11月15日(土)要するに日本とアメリカの戦争である
要するに戦争である。もちろん、日本とアメリカの戦争である。
話は、黒船来襲にさかのぼる。さかのぼるはずだが、それはあまりに遠い。
とりあえず、第2次世界大戦、太平洋戦争である。はじめて日本とアメリカは真っ向から対決した。これだけ全面的な、しかも長期にわたる戦争というものは、世界史上でも珍しいものではなかっただろうか。アメリカは、日本を徹底的に破壊した。その点は、絶対に落とせないポイントだ。日本の都市に壊滅的な打撃を加え、最後は原爆まで使った。これで、日本はもう立ち上がれないと、アメリカは考えたであろう。
しかも、戦後の占領期において、日本の社会構造にも根本的な打撃を与えた。天皇制は存続したように見えるが、皇室は財産を奪われ、貴族制度という基盤を失った。大土地所有が難しくなり、財閥が解体された。憲法まで、改正せざるを得なくなる。それによって、軍事力を奪われる。ここまで、徹底して制度が壊されることも珍しい。

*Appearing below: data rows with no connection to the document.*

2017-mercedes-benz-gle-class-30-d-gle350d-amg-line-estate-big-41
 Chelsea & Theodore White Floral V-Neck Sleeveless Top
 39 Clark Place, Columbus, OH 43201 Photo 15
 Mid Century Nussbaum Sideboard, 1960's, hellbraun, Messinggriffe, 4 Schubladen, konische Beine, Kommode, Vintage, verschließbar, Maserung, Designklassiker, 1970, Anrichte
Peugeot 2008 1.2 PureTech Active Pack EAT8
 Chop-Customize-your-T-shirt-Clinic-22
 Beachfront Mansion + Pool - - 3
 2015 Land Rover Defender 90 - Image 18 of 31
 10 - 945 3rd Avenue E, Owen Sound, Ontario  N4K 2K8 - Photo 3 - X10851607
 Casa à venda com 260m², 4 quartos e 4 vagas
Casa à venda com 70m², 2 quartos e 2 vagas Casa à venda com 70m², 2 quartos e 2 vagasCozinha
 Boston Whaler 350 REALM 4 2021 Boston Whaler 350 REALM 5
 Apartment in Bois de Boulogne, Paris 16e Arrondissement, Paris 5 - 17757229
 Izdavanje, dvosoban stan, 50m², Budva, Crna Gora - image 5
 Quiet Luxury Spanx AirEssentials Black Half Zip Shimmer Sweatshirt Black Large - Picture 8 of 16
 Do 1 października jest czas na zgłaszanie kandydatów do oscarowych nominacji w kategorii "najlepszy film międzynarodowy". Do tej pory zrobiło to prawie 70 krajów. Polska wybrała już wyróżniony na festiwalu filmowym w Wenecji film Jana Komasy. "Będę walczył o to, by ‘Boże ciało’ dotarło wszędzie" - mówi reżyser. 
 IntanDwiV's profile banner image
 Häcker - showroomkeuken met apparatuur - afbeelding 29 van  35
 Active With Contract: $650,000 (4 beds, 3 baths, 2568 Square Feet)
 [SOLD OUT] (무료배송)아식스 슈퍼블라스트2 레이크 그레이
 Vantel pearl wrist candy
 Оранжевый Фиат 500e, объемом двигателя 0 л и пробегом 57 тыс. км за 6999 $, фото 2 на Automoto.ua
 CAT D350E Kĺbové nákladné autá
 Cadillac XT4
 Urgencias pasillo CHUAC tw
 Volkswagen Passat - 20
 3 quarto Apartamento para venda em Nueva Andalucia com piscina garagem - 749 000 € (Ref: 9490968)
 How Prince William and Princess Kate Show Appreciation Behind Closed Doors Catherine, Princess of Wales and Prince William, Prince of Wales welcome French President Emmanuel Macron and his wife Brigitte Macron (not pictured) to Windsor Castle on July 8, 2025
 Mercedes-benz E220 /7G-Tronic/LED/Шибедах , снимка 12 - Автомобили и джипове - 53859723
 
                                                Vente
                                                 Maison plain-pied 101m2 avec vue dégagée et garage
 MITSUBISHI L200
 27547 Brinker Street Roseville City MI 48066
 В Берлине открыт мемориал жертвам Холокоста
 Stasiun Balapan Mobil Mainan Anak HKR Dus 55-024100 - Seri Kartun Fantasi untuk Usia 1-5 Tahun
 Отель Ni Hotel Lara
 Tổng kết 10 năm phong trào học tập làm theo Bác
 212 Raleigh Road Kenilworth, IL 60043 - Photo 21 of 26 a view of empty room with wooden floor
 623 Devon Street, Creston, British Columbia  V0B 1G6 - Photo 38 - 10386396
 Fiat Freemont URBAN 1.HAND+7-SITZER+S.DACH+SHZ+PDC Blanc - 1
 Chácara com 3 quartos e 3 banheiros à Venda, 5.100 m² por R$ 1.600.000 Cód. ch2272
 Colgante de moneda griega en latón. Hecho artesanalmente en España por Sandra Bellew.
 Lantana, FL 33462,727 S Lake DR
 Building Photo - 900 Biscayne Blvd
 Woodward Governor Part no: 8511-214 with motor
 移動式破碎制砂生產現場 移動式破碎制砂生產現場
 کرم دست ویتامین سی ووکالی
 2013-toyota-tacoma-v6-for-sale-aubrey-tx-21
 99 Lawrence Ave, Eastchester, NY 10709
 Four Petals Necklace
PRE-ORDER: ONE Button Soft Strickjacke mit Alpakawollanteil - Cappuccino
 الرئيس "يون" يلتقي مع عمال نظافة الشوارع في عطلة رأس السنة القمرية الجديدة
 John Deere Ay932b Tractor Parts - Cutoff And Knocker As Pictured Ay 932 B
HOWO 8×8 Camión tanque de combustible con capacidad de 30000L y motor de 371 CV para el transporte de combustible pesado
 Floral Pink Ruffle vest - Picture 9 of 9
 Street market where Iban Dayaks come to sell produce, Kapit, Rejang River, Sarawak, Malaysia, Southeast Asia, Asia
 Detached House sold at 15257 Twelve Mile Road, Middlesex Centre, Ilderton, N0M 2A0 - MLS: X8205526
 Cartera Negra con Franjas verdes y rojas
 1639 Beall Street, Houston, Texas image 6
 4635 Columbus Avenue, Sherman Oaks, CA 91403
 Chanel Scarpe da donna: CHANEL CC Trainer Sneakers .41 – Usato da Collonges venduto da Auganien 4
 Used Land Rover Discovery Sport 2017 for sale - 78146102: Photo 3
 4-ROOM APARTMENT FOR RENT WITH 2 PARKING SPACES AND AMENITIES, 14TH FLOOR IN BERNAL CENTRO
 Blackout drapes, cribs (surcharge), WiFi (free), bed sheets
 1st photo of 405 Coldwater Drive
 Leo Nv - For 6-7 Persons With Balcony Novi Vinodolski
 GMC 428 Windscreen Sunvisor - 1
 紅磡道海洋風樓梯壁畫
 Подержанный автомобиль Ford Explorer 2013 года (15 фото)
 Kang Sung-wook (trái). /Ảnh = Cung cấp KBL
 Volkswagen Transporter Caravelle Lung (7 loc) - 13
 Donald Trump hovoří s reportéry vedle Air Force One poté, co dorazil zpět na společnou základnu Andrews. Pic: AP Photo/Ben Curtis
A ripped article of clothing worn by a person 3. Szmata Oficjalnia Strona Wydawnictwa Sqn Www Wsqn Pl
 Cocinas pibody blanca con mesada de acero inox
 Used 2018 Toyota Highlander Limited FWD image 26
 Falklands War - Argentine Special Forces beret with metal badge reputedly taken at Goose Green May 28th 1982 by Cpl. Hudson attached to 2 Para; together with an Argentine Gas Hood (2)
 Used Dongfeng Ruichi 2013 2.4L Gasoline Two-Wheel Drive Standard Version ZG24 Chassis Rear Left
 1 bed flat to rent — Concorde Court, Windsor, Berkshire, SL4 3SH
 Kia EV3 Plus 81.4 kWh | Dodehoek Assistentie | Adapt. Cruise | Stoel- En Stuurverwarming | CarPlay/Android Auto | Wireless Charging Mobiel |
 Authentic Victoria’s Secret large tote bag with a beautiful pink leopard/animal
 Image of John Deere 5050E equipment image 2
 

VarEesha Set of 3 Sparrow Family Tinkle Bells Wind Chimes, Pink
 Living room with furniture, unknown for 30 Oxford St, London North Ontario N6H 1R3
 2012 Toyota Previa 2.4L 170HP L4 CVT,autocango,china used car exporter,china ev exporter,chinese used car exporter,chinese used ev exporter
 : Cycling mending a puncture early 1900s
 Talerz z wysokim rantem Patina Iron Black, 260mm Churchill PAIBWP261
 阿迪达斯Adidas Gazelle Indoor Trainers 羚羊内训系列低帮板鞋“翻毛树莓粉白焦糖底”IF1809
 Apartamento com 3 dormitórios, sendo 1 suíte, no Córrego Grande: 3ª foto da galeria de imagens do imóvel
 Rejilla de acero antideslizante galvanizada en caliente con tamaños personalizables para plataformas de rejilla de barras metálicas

にもかかわらず、というか、アメリカの思惑とは逆に、日本を徹底して破壊することが、日本に再生の力を与えた。軍事面に経費を支払わなければならないという重荷から解放された戦後の日本は、驚異的な経済発展をとげた。
高度経済成長は、日本を世界第二の経済大国に押し上げ、一億総中流という事態が生まれた。しかも、オイル・ショックが起こったにもかかわらず、すぐに日本経済は回復し、消費社会化からバブルへと突き進んでいく。日本は世界一と言われ、アメリカを買い占める勢いを示した。そのとき、日本は、アメリカとの戦争に勝ちそうになっていた。
しかし、その勢いがあまりに急だったために、バブルは崩壊した。オイル・ショックのときとは異なり、銀行が不良債権を抱えた結果、深刻な不況が訪れた。というか、訪れたということになっている。
たしかに、銀行のなかにはつぶれるところも出た。経済は低成長となり、地価も株価も低迷した。未曾有の就職難が訪れ、「失われた10年」といわれるようになる。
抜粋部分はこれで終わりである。